ECLI:NL:CRVB:2021:1434
Centrale Raad van Beroep
- Hoger beroep
- Rechtspraak.nl
Beoordeling van de beëindiging van de WGA-uitkering en de toegenomen beperkingen van appellante
In deze zaak heeft de Centrale Raad van Beroep geoordeeld over de beëindiging van de WGA-uitkering van appellante, die eerder een loongerelateerde WGA-uitkering ontving op basis van arbeidsongeschiktheid. Appellante had zich op 7 januari 2011 ziekgemeld met fysieke klachten en ontving vanaf 4 januari 2013 een WGA-uitkering. Deze uitkering werd echter beëindigd per 4 oktober 2015, omdat het Uwv oordeelde dat appellante minder dan 35% arbeidsongeschikt was. Appellante heeft in hoger beroep aangevoerd dat haar psychische en fysieke klachten voortvloeien uit dezelfde ziekteoorzaak als waarvoor zij eerder een uitkering ontving.

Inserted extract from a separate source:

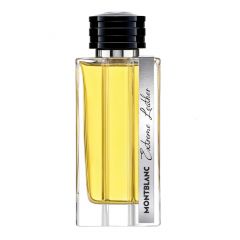 Extreme Leather Eau de Parfum 125ml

De Raad heeft vastgesteld dat het Uwv niet overtuigend heeft aangetoond dat de toegenomen beperkingen van appellante voortkomen uit een andere ziekteoorzaak. De Raad heeft geconcludeerd dat het bestreden besluit van het Uwv berust op een onzorgvuldige voorbereiding en gebrekkige motivering, en heeft het Uwv opgedragen om de gebreken in het besluit te herstellen. Tevens is het Uwv veroordeeld in de proceskosten van appellante, die in totaal € 1.602,- bedragen. De uitspraak is gedaan op 9 juni 2021.